Task instructions:
Quote, word for word, every line starting at the line that contains "1997 Cadillac Seville" and ending with the last line of the records; include both of these lines and no others.

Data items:

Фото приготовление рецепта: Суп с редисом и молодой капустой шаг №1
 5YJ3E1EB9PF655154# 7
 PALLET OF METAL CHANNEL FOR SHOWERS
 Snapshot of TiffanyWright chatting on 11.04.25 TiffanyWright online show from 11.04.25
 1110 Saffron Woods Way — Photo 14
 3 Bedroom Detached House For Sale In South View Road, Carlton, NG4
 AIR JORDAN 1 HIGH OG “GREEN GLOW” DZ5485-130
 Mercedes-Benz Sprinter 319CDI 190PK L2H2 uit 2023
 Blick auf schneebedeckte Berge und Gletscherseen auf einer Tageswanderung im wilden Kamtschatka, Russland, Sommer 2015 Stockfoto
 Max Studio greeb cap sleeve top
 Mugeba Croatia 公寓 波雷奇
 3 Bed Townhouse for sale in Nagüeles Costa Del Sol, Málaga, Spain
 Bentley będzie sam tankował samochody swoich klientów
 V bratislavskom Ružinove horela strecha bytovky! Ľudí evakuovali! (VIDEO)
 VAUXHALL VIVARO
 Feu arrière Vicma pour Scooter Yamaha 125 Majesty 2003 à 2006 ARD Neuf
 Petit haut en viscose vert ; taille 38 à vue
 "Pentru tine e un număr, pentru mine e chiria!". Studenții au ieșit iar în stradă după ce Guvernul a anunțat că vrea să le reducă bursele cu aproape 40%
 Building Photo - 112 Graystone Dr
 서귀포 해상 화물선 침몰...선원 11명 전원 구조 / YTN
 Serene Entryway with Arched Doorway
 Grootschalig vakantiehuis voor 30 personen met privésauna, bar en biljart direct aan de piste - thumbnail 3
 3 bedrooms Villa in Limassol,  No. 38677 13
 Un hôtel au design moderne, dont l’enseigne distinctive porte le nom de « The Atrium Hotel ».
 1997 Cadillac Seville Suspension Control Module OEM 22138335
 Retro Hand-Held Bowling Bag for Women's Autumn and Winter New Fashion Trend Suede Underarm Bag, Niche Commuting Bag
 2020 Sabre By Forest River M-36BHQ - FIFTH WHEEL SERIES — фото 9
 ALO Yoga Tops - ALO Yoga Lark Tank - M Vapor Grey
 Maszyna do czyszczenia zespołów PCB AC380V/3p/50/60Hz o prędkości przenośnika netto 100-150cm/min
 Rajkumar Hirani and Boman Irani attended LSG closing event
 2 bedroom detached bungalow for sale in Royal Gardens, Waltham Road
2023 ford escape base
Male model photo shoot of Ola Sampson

Exercise response:
 1997 Cadillac Seville Suspension Control Module OEM 22138335
 Retro Hand-Held Bowling Bag for Women's Autumn and Winter New Fashion Trend Suede Underarm Bag, Niche Commuting Bag
 2020 Sabre By Forest River M-36BHQ - FIFTH WHEEL SERIES — фото 9
 ALO Yoga Tops - ALO Yoga Lark Tank - M Vapor Grey
 Maszyna do czyszczenia zespołów PCB AC380V/3p/50/60Hz o prędkości przenośnika netto 100-150cm/min
 Rajkumar Hirani and Boman Irani attended LSG closing event
 2 bedroom detached bungalow for sale in Royal Gardens, Waltham Road
2023 ford escape base
Male model photo shoot of Ola Sampson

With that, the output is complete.